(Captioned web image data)
==================================================
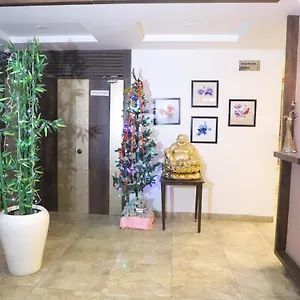 Genx Le Crescent Hotel Ghaziabad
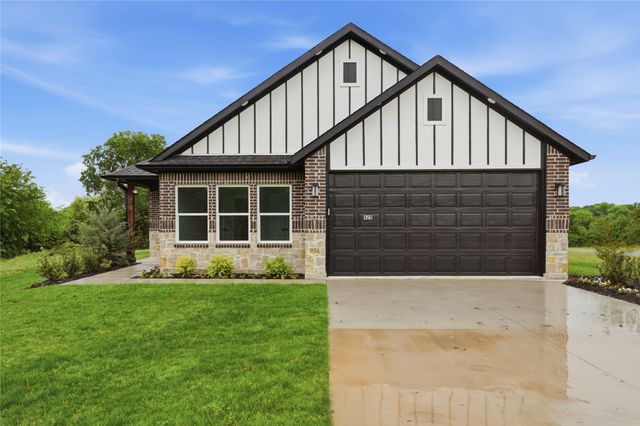 420 E Ball Street, Tom Bean, TX 75491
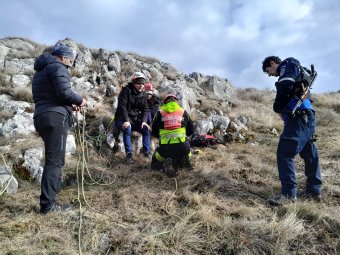 A Székelykőn ragadtak a medve elől menekülő magyarországi turisták, hegyimentők hozták le őket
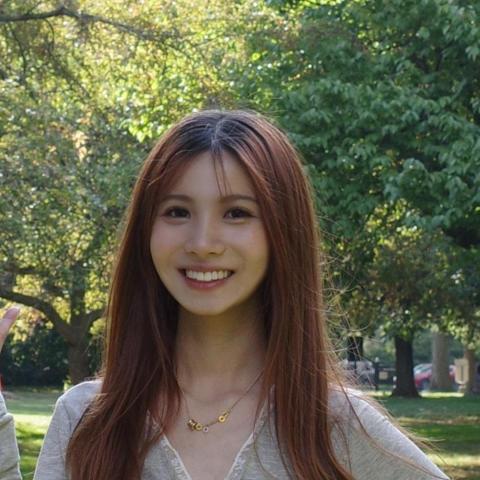 提供名片製作軟體免費服務的專家Gloria Li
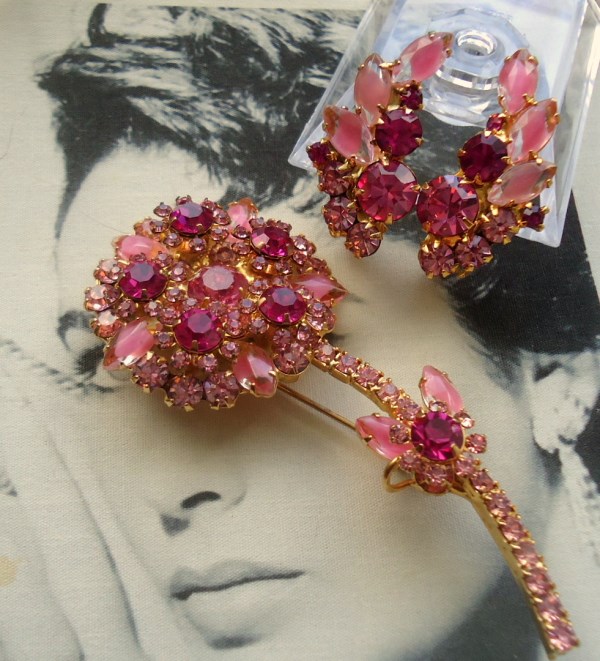 SOLD DeLizza and Elster a/k/a Juliana Pink Givre Art Glass Flower Figural Brooch and Earrings Demi Parure
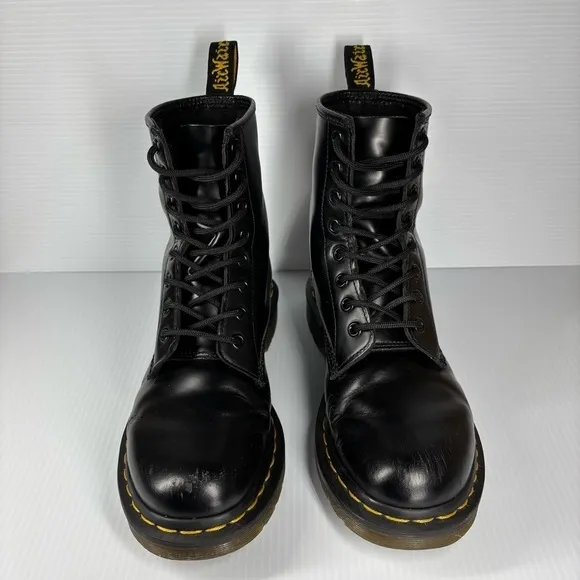 Dr. Martens Boots Womens 8 1460 Smooth Leather Lace Up Work Grunge Streetwear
==================================================
WORK ITEM — In the copy, include every line of the entries above exactly and none of the pictures.

ANSWER BELOW —
 Genx Le Crescent Hotel Ghaziabad
 420 E Ball Street, Tom Bean, TX 75491
 A Székelykőn ragadtak a medve elől menekülő magyarországi turisták, hegyimentők hozták le őket
 提供名片製作軟體免費服務的專家Gloria Li
 SOLD DeLizza and Elster a/k/a Juliana Pink Givre Art Glass Flower Figural Brooch and Earrings Demi Parure
 Dr. Martens Boots Womens 8 1460 Smooth Leather Lace Up Work Grunge Streetwear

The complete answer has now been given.